I cleaned it and polished it and there was just this one little part where the cadence was slightly off so I didn’t quite send it yet. And then, a week later, Karen and I went on our tour de bookshop, and I turned to my left and froze and then I unfroze and pointed and Karen did that little intake of breath we all do and then she said that thing we all do, which was, “Yeah but don’t worry. It’s bound to be really different.” And I nodded and said, “Yeah, I know, but I’ll check it out anyway just in case.” And then we peered a little more closely and saw who the author/illustrator were and we both did a rather large intake of breath and Karen said, “Hmm, those are some heavy-hitters though” and I said, “Yeah, I know” and we both said, “It’s probably still fine though” and left the bookstore without looking at it because hey it was probably still fine. Right?

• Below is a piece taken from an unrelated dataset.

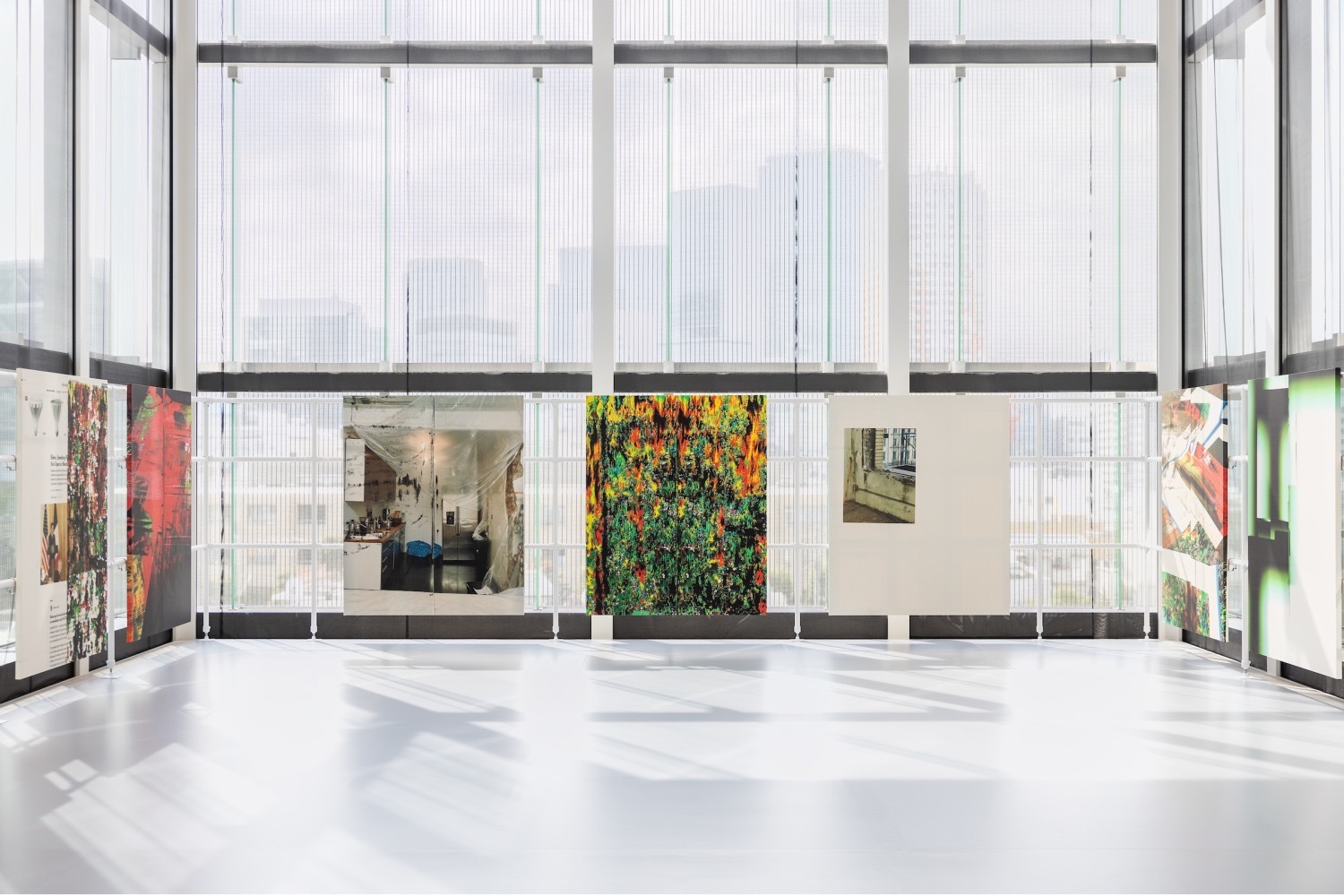 草間彌生×MoMA デザインストアのコラボスケートボード、人気作品 草間彌生×MoMA デザインストアのコラボスケートボード、人気作品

That afternoon, basking in the afterglow of tour de bookshop, I did a quick google just to reassure myself. And found this note about the Donaldson/Oxenbury, which came out in April this year:
And that was when I went augggh and put my head down on the desk. Day and night? Light? The couplet structure? The exact same cadence? The movement from the abstract to the oddly specific? The accelerating pace and layering accumulation of things? I sent Karen a resigned message and I said:
Goodbye to my story and goodbye to my ducks
Goodbye to pretending that I don’t give any …
I AM SORRY. I ALMOST DID THAT.
Look. It’s just one of those things. I will move on and write faster or percolate less, or something. On the plus side, apparently I think a bit like Julia Donaldson so there’s that.